GUN BARREL CITY-The Rotarians of Cedar Creek Lake heard why, unlike Europe, mass transit in this country is nearly nonexistent.
“In light of rising gas prices and near gridlock traffic patterns, I thought it might be interesting to share with you what I’ve researched on this subject,” State Sen. Robert Nichols, former state transportation commissioner said.
After the Civil War, the Industrial Revolution moved people into cities, he said.
Entrepreneurs put benches in wagons to form a horse-drawn trolley to get people to work. Tracks and metal wheels were added to combat poor roads and muddy conditions, he said.
However, soon after the invention of the light bulb, electric generation plants followed and Thomas Edison developed the first electric motor in 1887.
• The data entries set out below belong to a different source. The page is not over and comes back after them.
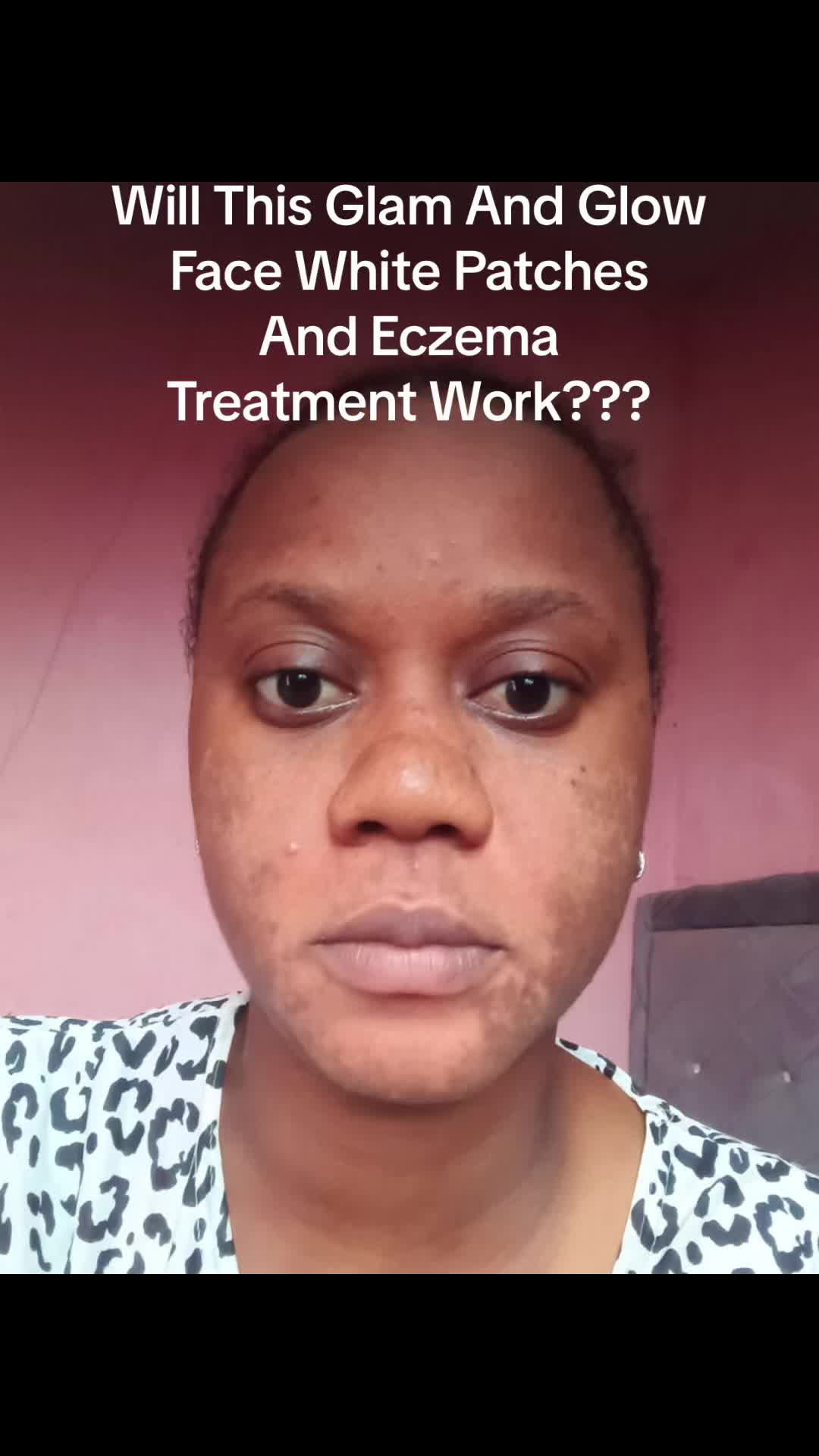 @SKIN REPAIR TREATMENT EXPERT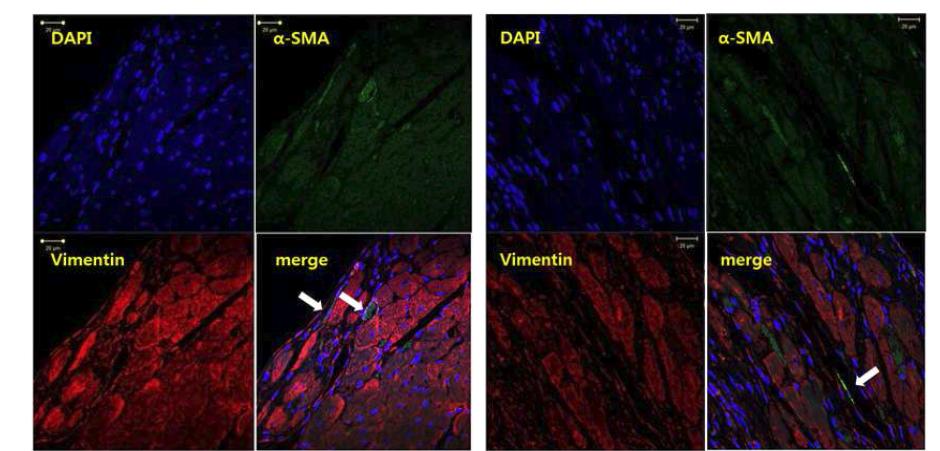 심근경색 후 2주일째 경색 주변부위에서 확인된 근섬유모세포
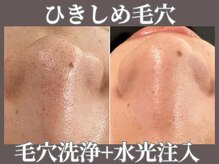 マヴィ 今福鶴見店(MavY.)/毛穴洗浄×水光注入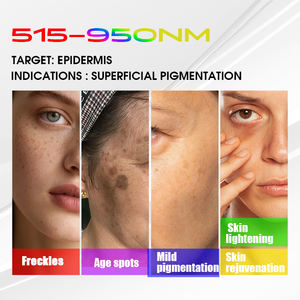 Appareil BBL avancé avec laser IPLDPL NIR, 8 filtres, 4 têtes, pour le resserrement cutané, l'élimination des pigments et le traitement de l'acné - Product Image 3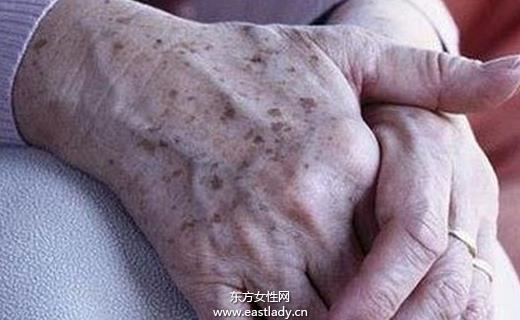 消除老年斑很簡單，方法與日常護理建議，日常護理小秘訣，輕松消除老年斑
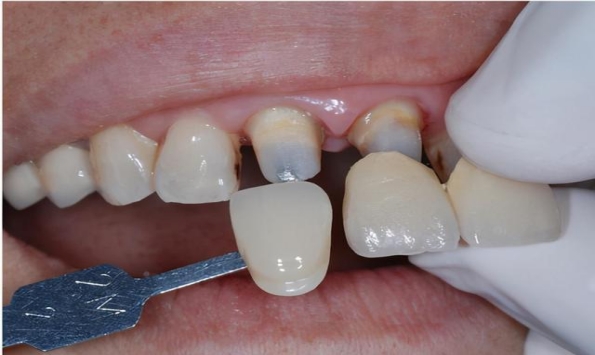 前牙稀疏的修复是什么样的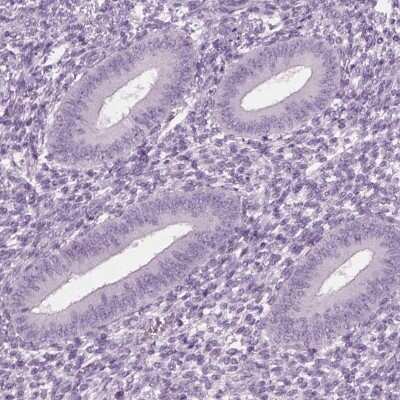 Immunohistochemistry-Paraffin: Cylicin 1 Antibody [NBP2-56428]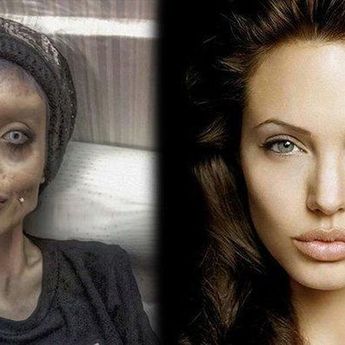 Duh, Ngeri! Ngefans Sampai Rela 50 Kali Operasi Plastik Demi Mirip Persis dengan Angelina Jolie, Begini Kabar Terbaru Keadaan Tubuh Penggemar Sang Aktris Holywood...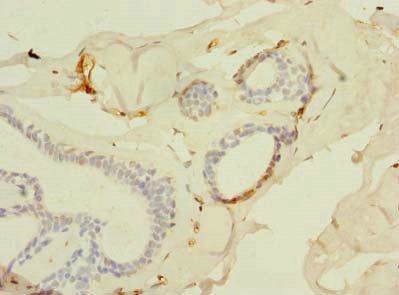 Immunohistochemistry of paraffin-embedded human breast cancer using SLC25A4 Antibody at dilution of 1:100Rabbit anti-Human SLC25A4 Polyclonal Antibody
The electric motor quickly replaced the horse and mule and omnibuses started running on electric motors 10 years later.
It was a natural fit for electric generation companies to develop an electric mass transit system.
“It was the most efficient mode of transportation. It was more efficient than steam locomotives, and interurban lines were laid like the one between Dallas and Fort Worth and from Tyler to Houston,” he said.
In 2001, the Trinity Express opened an electric rail line from Fort Worth to Dallas, the first time in 70 years, he said.
Indianapolis had the largest interurban system, with 500 trains making daily runs, moving seven million passengers a year.
From 1904 to 1934, private industry developed and laid 47,000 miles of trolly track.
“To put things in perspective, the U.S. Interstate system has 46,000 miles of highway and all of it built with public funds,” he said.
Cities started requiring franchises due to limited space on roadways. Then there was the stock market crash of 1929.
In 1935, U.S. Senator from Texas Sam Rayburn wrote a federal law calling for the regulation of all electricity companies. The law required them to divest all other holdings, including their transportation systems. These were sold off.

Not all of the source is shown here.